Le società automobilistiche che venivano da un periodo di produzione quasi ferma si erano ritrovate con un inventario insufficiente, e si erano affrettate a fare ordini massicci di microchip. A quel punto, però, le aziende che li producono si trovavano già al limite della loro capacità produttiva, perché molti altri (per esempio i produttori di dispositivi elettronici) avevano avuto simili aumenti della domanda, e avevano fatto moltissimi nuovi ordini. I microchip per il settore informatico rendono inoltre di più a chi li produce, perché sono più elaborati rispetto a quelli per molti componenti delle automobili, venduti a prezzi inferiori e con minore potere contrattuale. I produttori di microchip avevano quindi dedicato meno attenzioni al settore auto, privilegiandone altri più redditizi.
Tesla, che utilizza molti microchip nelle proprie automobili elettriche, si era trovata nelle stesse difficoltà della concorrenza. A inizio anno, aveva segnalato agli investitori problemi con vari fornitori, tra ritardi delle consegne e scarsa disponibilità di componenti compresi i chip, definiti «una delle più grandi sfide che Tesla abbia mai dovuto affrontare». La società non aveva escluso che questi problemi potessero riflettersi sulla produzione di nuove automobili.
L’annuncio aveva messo in allarme analisti e investitori, preoccupati da un calo della produzione che avrebbe avuto grandi conseguenze per le finanze di Tesla, migliorate solo negli ultimi anni dopo un forte periodo di crisi.
A distanza di qualche mese, le cose sono andate meglio del previsto per Tesla. A differenza delle grandi aziende automobilistiche, che lavorano su volumi molto più grandi, con una minore flessibilità nelle fasi produttive, la società di Elon Musk è riuscita a riprogrammare parte delle forniture di microchip sfruttando una maggiore flessibilità nei propri sistemi, sia negli impianti di produzione sia sulle singole automobili.
Musk aveva per esempio detto a fine luglio che Tesla era riuscita a non rallentare più di tanto grazie a una rapida sostituzione di alcuni componenti nelle sue automobili, che aveva reso possibile l’attivazione di contratti con nuovo fornitori: «Siamo stati in grado di sostituire i chip con alcune alternative, e poi riprogrammarli nel giro di poche settimane. Non si è trattato solamente di sostituire un chip: abbiamo anche dovuto riscrivere il software».
A differenza di altri produttori di automobili, Tesla sviluppa internamente un maggior numero di sistemi da impiegare direttamente sui propri veicoli, comprese la destinazione e le funzioni dei microchip. I suoi sviluppatori e ingegneri hanno quindi potuto destinare ad altri usi i microchip già impiegati per alcune funzioni, privilegiando le tipologie più disponibili.
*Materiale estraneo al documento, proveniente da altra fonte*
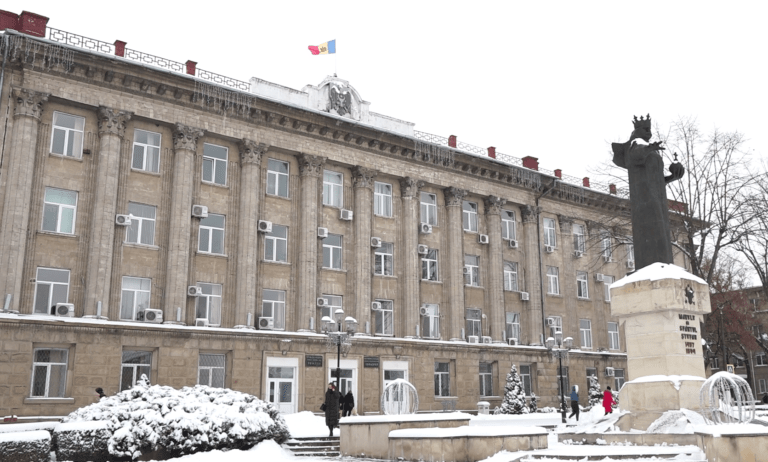 /VIDEO/ Funcționarii publici de la primăria Bălți – participanți la un atelier despre transparența procesului decizional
Questo e altri accorgimenti hanno consentito a Tesla di mantenere alti livelli di produzione. Nel secondo trimestre di quest’anno la società ha venduto oltre 200mila automobili, mentre nel terzo trimestre da poco terminato i veicoli elettrici consegnati sono stati oltre 240mila, un nuovo record al di sopra delle previsioni degli analisti. Mentre molte aziende automobilistiche hanno ridotto la produzione negli ultimi mesi, Tesla è riuscita ad aumentarla sensibilmente tra luglio e settembre, con una crescita del 73 per cento rispetto allo stesso periodo dello scorso anno.
Musk ha di recente detto che la carenza di microchip è un problema «di breve periodo» e che non dovrebbe avere particolari ripercussioni nel lungo termine, perché sono in costruzione nuovi impianti per produrre microchip che dovrebbero essere già pronti per il prossimo anno. Musk non ha però fornito molti altri dettagli e le sue previsioni non concordano con quelle della maggior parte degli analisti, che ritengono una durata piuttosto lunga della crisi, almeno fino al 2023. È vero che alcuni dei più grandi produttori di microchip, come Intel e TSMC, hanno in programma la costruzione di nuovi stabilimenti, ma saranno necessari anni prima che siano pronti.